To have the ideal conditions for diving muck we have to find areas with volcanic activity and river mouths that fill the bottom with lava, ash and black sand rich in minerals. To this we must add large amount of decaying organic matter such as trees and other vegetation that ended up underwater.

These areas of low current conditions does not provide corals the best conditions to set and draw out easily, although is possible to find both hard and soft coral, algae, sponges and anemones, but not in great profusion. These conditions occur primarily in the Philippines, Malaysia, Indonesia and Papua New Guinea, areas with constant volcanic activity. The best muck diving places in the world are concentrated in the Lembeh Strait, Tulamben (especially in Seraya Secret), Anilao, Bali, Sulawesi, Komodo and Mabul in Asia, but we can find good muck dives in Pacific islands like Yap or Hawaii.

mimic octopus
Mimic octopus (Thaumoctopus mimicus) in Lembeh. Image by Noodlefish
Frogfish (Antennarius pictus)
Frogfish (Antennarius pictus) in Sulawesi, Indonesia. Pic by Stephen Childs

ANIMALS COMING FROM ANOTHER PLANET

The species that live in these harsh and difficult conditions have two common characteristics: to pass unnoticed through their camouflage or to get loaded with poison to fight predators and hunt… even both at the same time in some cases.

In these extreme conditions you can dive with thousands of species that in other areas are very difficult to find but in the kingdom of muck diving you’ll see continuously.

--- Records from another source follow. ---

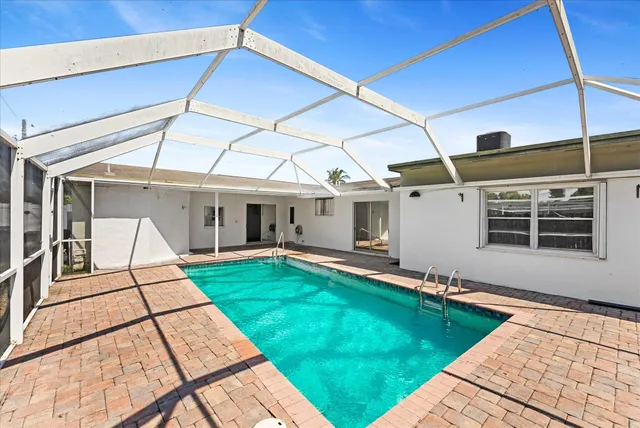 $570,000 | 6560 Hayes Street, Hollywood, FL 33024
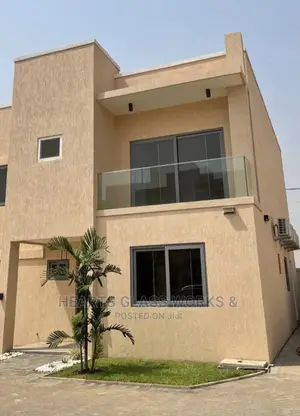 10mm Frameless Tempered Glass (Certified Installation)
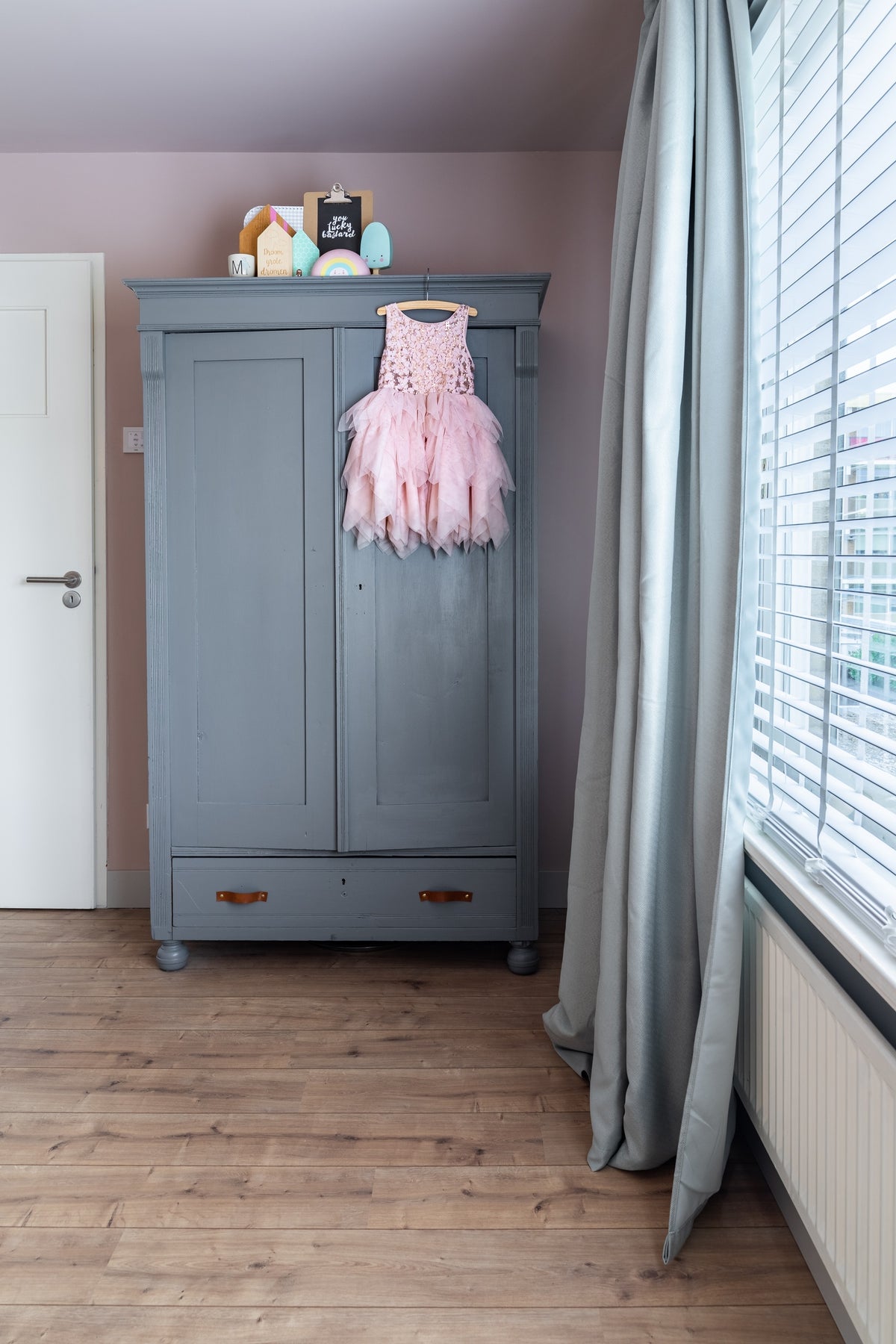 Pure & Original Pigeon Grey Traditional Paint lakverf in interieur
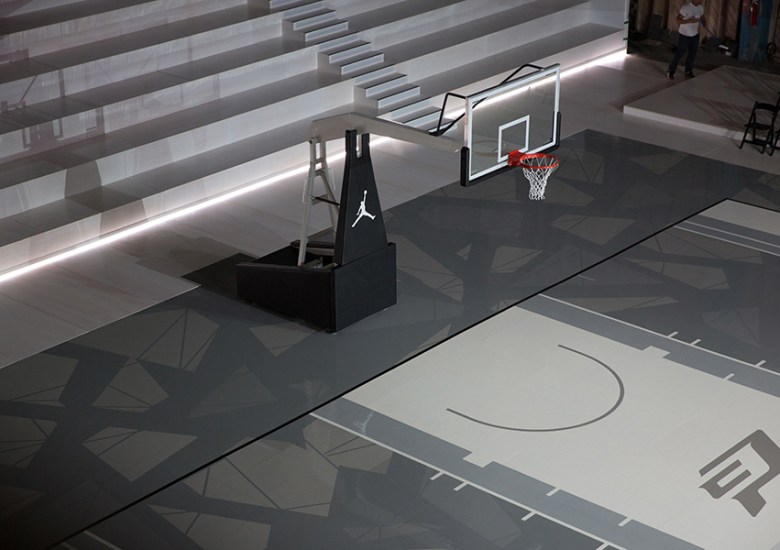 A Detailed Look at the Jordan Hangar Basketball Court
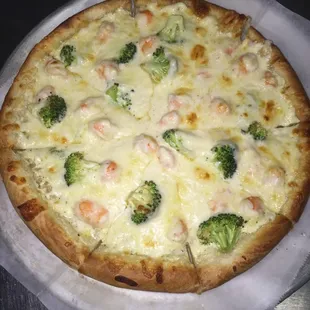 Cheese, broccoli &amp;shiramp great pizza  thank you  . Good job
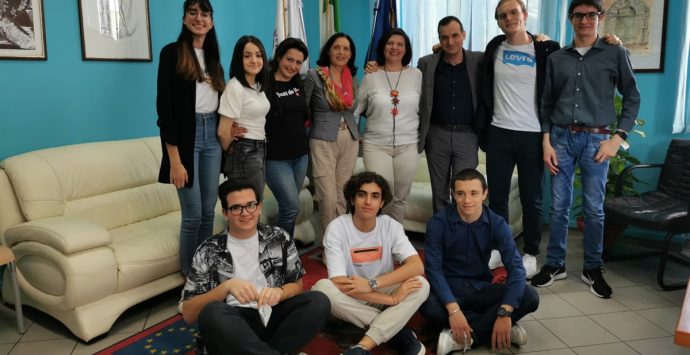 Vibo, il liceo Berto campione di dibattito in inglese: rappresenterà l’Italia a Bruxelles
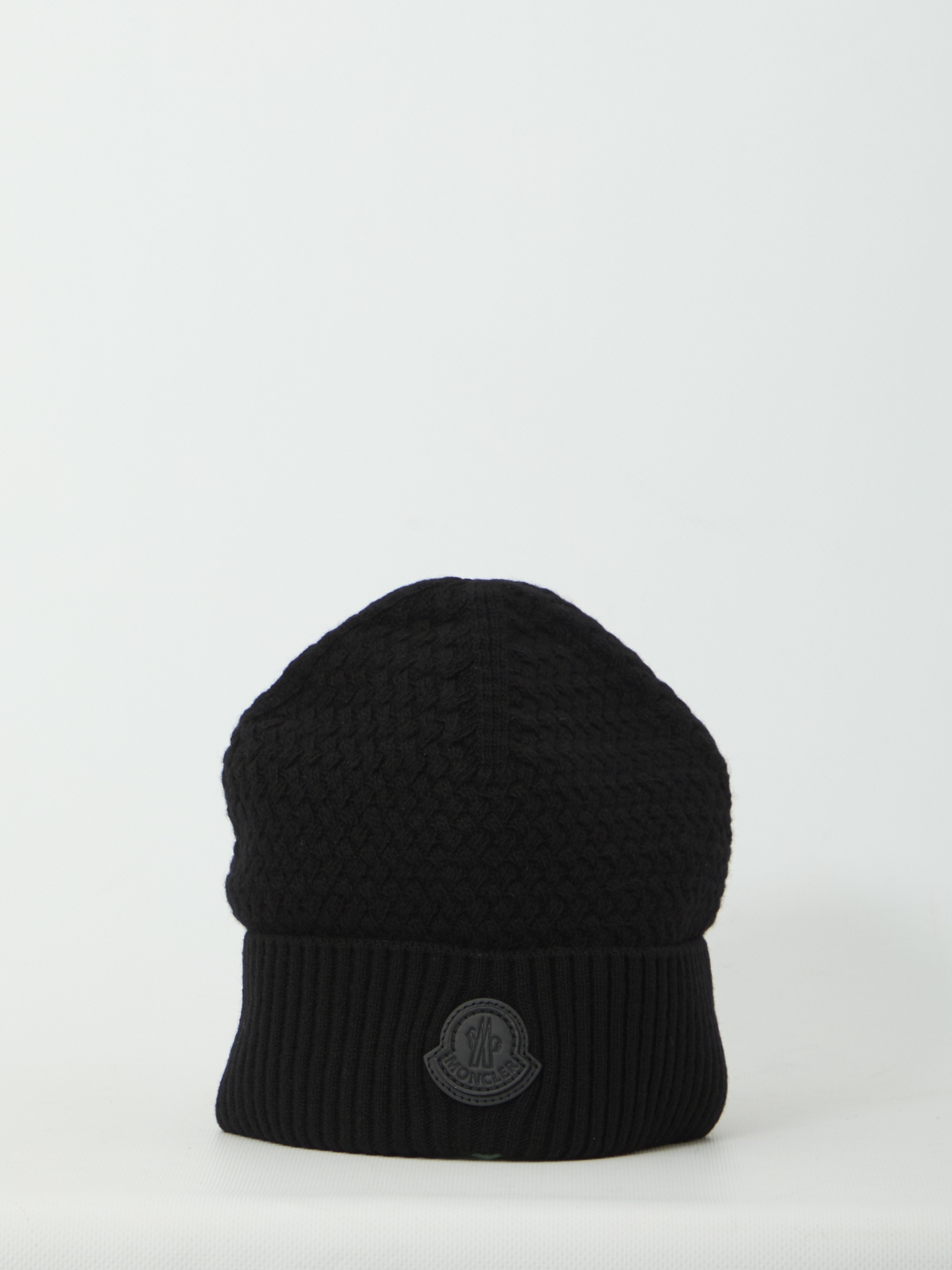 [Moncler] Beanie FW26 L20913B00026_M4281_999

There you will also find some valuable endemic species. This is home to many varieties of frogfish, lots of seahorses (including the pygmy seahorse), poisonous sea snakes, mantis shrimps, flamboyant cuttlefish.Or ghost pipefish, a wide variety of poisonous scorpion fish and lionfish, crocodile fish perfectly camouflaged. The weirdest animals, like Rhinopias, hundreds of nudibranchs with psychedelic colors contrasting with the dark background, cat sharks or mandarin fish are common in muck diving destinations. Yes, the list is almost endless.

But we should highlight two octopuses that represent the needs that animals require to survive under these conditions: the mimic octopus, able to mimic different species to avoid predators and the tiny blue-ringed octopus, one of the most venomous creatures on the planet. There is no doubt that life in the territory of the mud is not easy.

TIPS FOR SAFE MUCK DIVING

  • Do not touch anything. The advice of never touch marine species that you have to apply in every dive is more important than ever when muck diving. Both for the safety of animals and your own, under no circumstances you should touch any animal. A lot of species that live here contain powerful poisons.
blue ringed octopus
Don’t try this at home! Pic by Stephen Childs
  • Use a rod to stabilize. Although it seems that the sandy bottom is uninhabited, there are many animals that hide under the mud. Do not lean on the bottom and always keep good buoyancy. Although you wear diving gloves, the poisonous stings of a devil fish or scorpion fish, for example, can cross the fabric of the glove and give you a good scare. The best way to stabilize yourself is to use a thin stainless steel rod, known as pointers, that do not damage the environment and stabilize you when need it.
  • Keep your head close and fins away. And never flap near the bottom. The best position is to keep the head near the bottom, fins away and wait a safe distance to flap. That way you won’t hurt animals or lift up the slime complicating visibility.
  • Anchor well your accessories. This advice that applies to any diving area is very important in areas of muck diving. Neither regulator, camera, no anything else must touch the bottom.
  • Beware the camera flash. These animals are used to low light conditions. Repeatedly directing camera flash to their eyes can disorient and blind them for seconds. Do not abuse the light elements, we do not like it either.